A couple of days ago, I fired up "Bloodline" on Netflix, and finally finished watching it just now. This documentary is the breathless following, over a couple of years, of an investigation into the Merovingian Heresy. It could be funny, I could play a game of (pardon the offensive terminology, yet it is exactly the right phrase) "bait the 'tards" - making fun of the whacko conspiracy nerds (as one could play the same way with so many docs - about Trekkers, about ferret lovers, what have you) - but I chose to put it in my queue just because the heresy, named for the very dynasty Clovis I founded, is one which, while maddening, is also of at least a passing interest to me. I have a hard time abiding Dan Brown and this sort of thing (Foucault's Pendulum, which I allowed myself to read twice, with a decade or more between attempts, I have confirmed as a nuisance read), but anyone who knows me or reads here regularly won't be surprised to know this is exactly the sort of car wreck I succumb to rubbernecking.
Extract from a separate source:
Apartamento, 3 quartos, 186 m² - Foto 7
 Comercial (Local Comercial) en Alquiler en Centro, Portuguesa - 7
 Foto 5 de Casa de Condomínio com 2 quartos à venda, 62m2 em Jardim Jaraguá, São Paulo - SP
So we started off this post with mention of wisdom.
I don't find wisdom in the games people play, performing edge-of-your-seat-AWFUL "archaeology" while following TV-series-Batman-level-silly/convoluted clue games and digging up bright shiny bottles they've caked with mud and swear are generations-old buried treasures. I don't find wisdom in missing the point that, in debunking something passionately, you actually accept its premises in order to deconstruct them. If you really don't believe a mythology, it isn't particularly necessary, for most people, to spend time and energy (and, in the name of making a documentary, one assumes many many thousands and thousands of dollarse/euros) obsessing about it.
The wisdom I found in "Bloodline" crops up near its end. With ten minutes left in its nearly two hour run, we come to an interview with the Right Rev. John Shelby Spong, DD, retired Bishop of the Episcopal Diocese of Newark. The documentary introduces him as controversial, and, though I must state that even as a relatively newly minted Episcopalian, I know nothing about him - I can believe he's controversial. Like many in this Church I was drawn to for its compassion, Spong sees change, and perhaps even the abandonment of certain traditions, as growth. I want to quote him at a little length here:
I think that traditional Christianity, that institutional form of Christianity, is probably dying. And I'm not sure that letting it die wouldn't be a good thing to happen, because I think When you look at the manifestations of traditional Christianity, they're not very life-giving. We blessed slavery with the Christian scriptures. We blessed anti-Semitism with the Christian scriptures. We stood by and watched Hitler destroy six million Jews, and then we were negative about women, and then we were negative about gay people, and we've been negative about left-handed people and we've been negative about mentally ill people and we've been negative about divorced people. The Church has victimized a great number of people in this world; now how does that square with the portrait of Jesus drawn by the Fouth Gospel, that says the purpose of Jesus is that we might have life and that we might have it more abundantly? Is the way we treat gay people giving them life? Is the way we have treated women giving them life? ... and so the traditional way in which we have told the Jesus story I think is inaccurate, and I think it will die. But I don't think the Jesus story will die, and I don't think the power of a G-d presence in human life will die.
As a rule, I write this blog to the standard that anything here could be read by my coworkers, my boss, my government, my nieces - my mother. This post is not one she'd have a happy time reading. It's also possible that, apart from being described as "controversial" by a conspiracy documentarian to whom he agreed to give an interview, the Bishop holds views or has done things I might find anathema. For some reason, I prefer not to start worrying about that with facile research; because in many ways what he says resonates with me.
At bottom, the very concept of divinity is beyond the ability of the magnificent, and yet wee and paltry human brain to actually comprehend. Those of us who believe in it choose mythologies to cope with it, to guide us, to grapple with *everything* we encounter which is beyond our wee and paltry brains (spirits and hearts). Some believe those mythologies very deeply indeed. Some believe an "essence" of these roadmaps to faith. Me, I give up on the particulars, rejoice in the spiritual leader I have been fortunate to find, and bless what wisdom can be gleaned, without (as above) trying to peer too closely at its provenance. Staring into the sun is bad for the eyes, and doesn't look interesting enough to justify doing it. Take the light, live in it, hope it shines on a good path, and try to stay on *some* track, for the most part.
Or explore, be brave, bless the light and still proceed at night as well. If that means concerning yourself with conspiracies, go with G-d as they say and try not to hurt anyone including yourself.
It's an interesting watch, in some ways. But could have been edited down significantly and still have said everything it does. Watch it, or don't. This is just the story of what I accidentally seem to have gotten from stumbling on this in my own path.
Edited 07/29/13 to add this - turns out the hoax is admitted. Hardly a pearl-clutching revelation, but does make taunting the fakers less fun.